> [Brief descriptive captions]
--- START ---

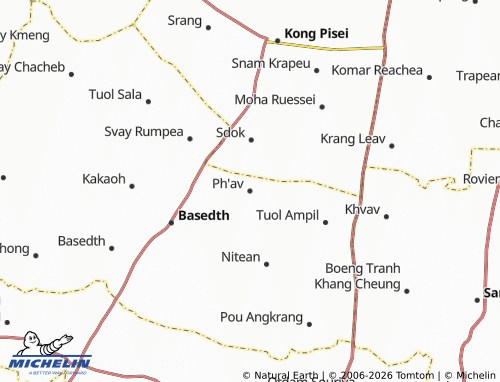 MICHELIN Ph'av map - ViaMichelin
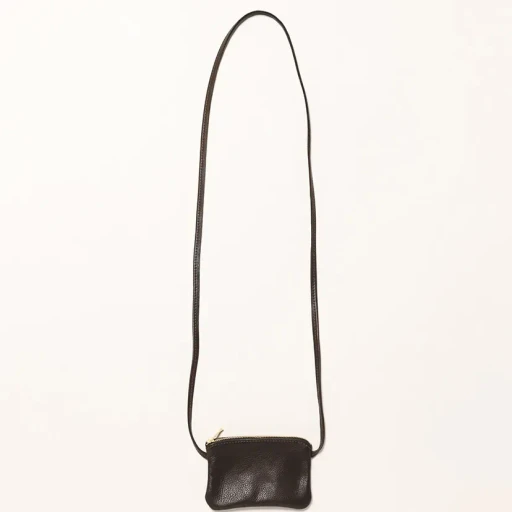 6 Inch Zippered Pouch With Leather Code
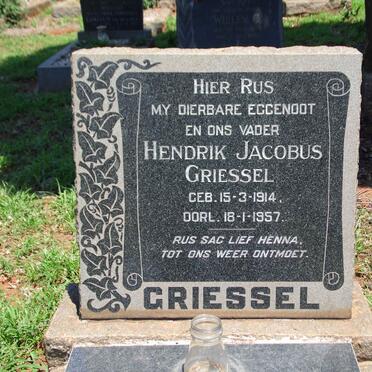 GRIESSEL Hendrik Jacobus 1914-1957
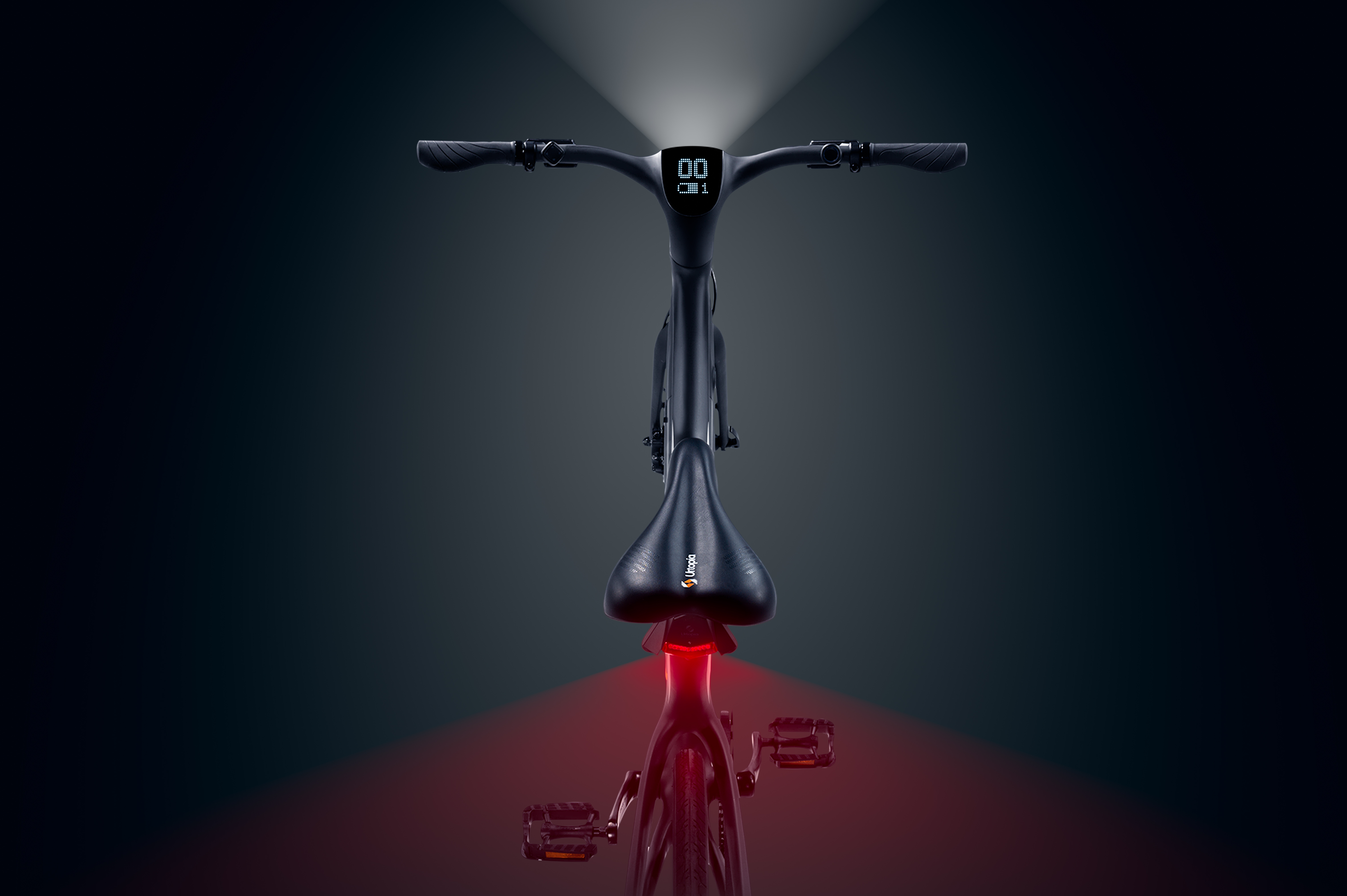 URTOPIA Leichtes Carbon (Laufradgröße: Zoll, 29 mit 352.8 in Wh, Unisex-Rad, Smart E-Bike Paris) Abnehmbaren Large Midnight Citybike Akku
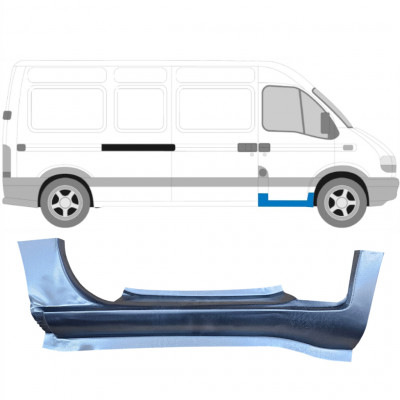 RENAULT MASTER 1998-2010 DORPEL REPARATIEPANEEL / RECHTS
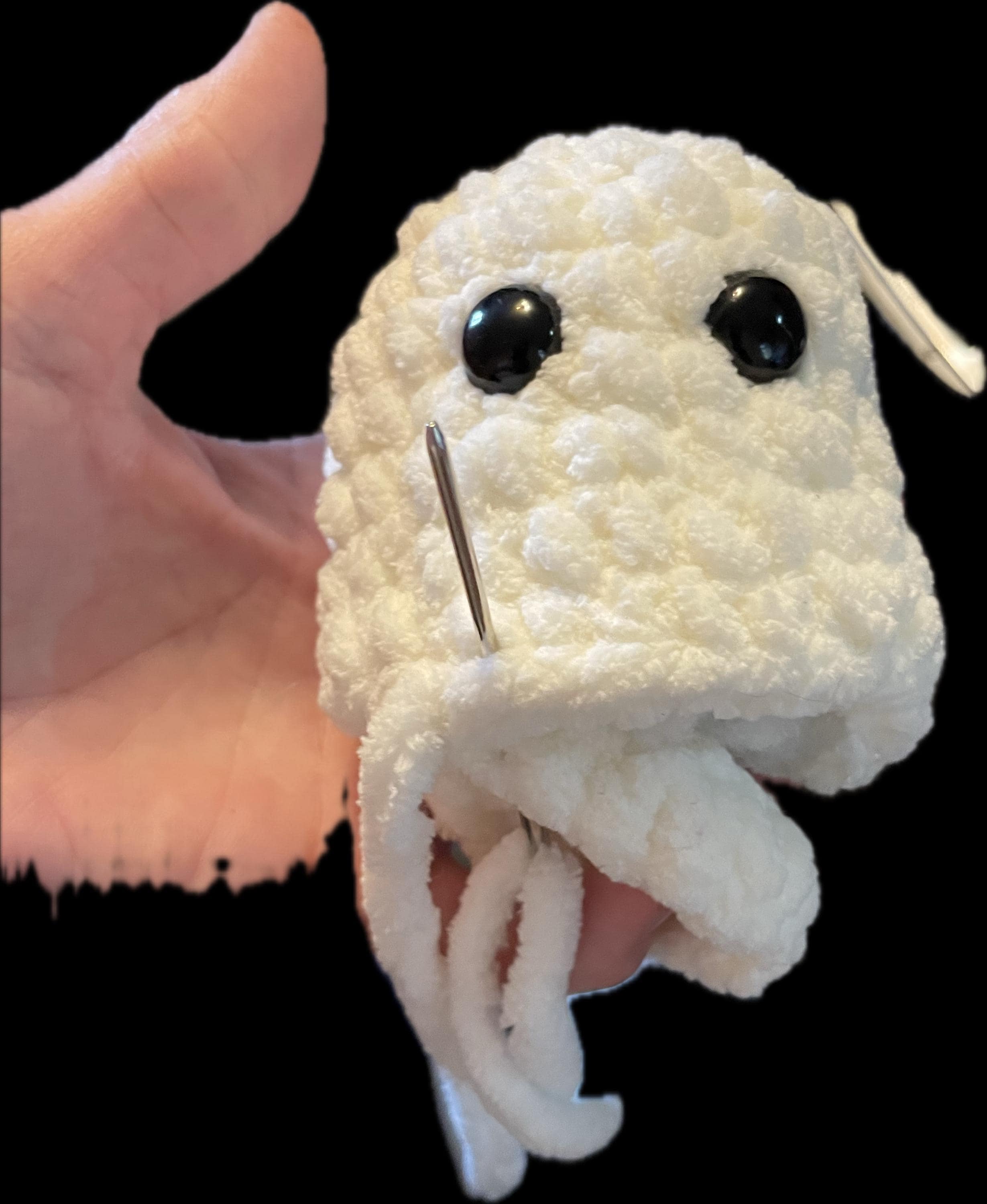 Chunky Chubby Ghost Amigurumi Crochet Pattern PDF — Beginner-friendly ...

--- END ---

> [Instructions to follow]
Transcribe, without alteration, each line from the one with "RENAULT MASTER 1998-2010" through the last line of the data; no pictures belong in the copy.

> [Completed task]
 RENAULT MASTER 1998-2010 DORPEL REPARATIEPANEEL / RECHTS
 Chunky Chubby Ghost Amigurumi Crochet Pattern PDF — Beginner-friendly ...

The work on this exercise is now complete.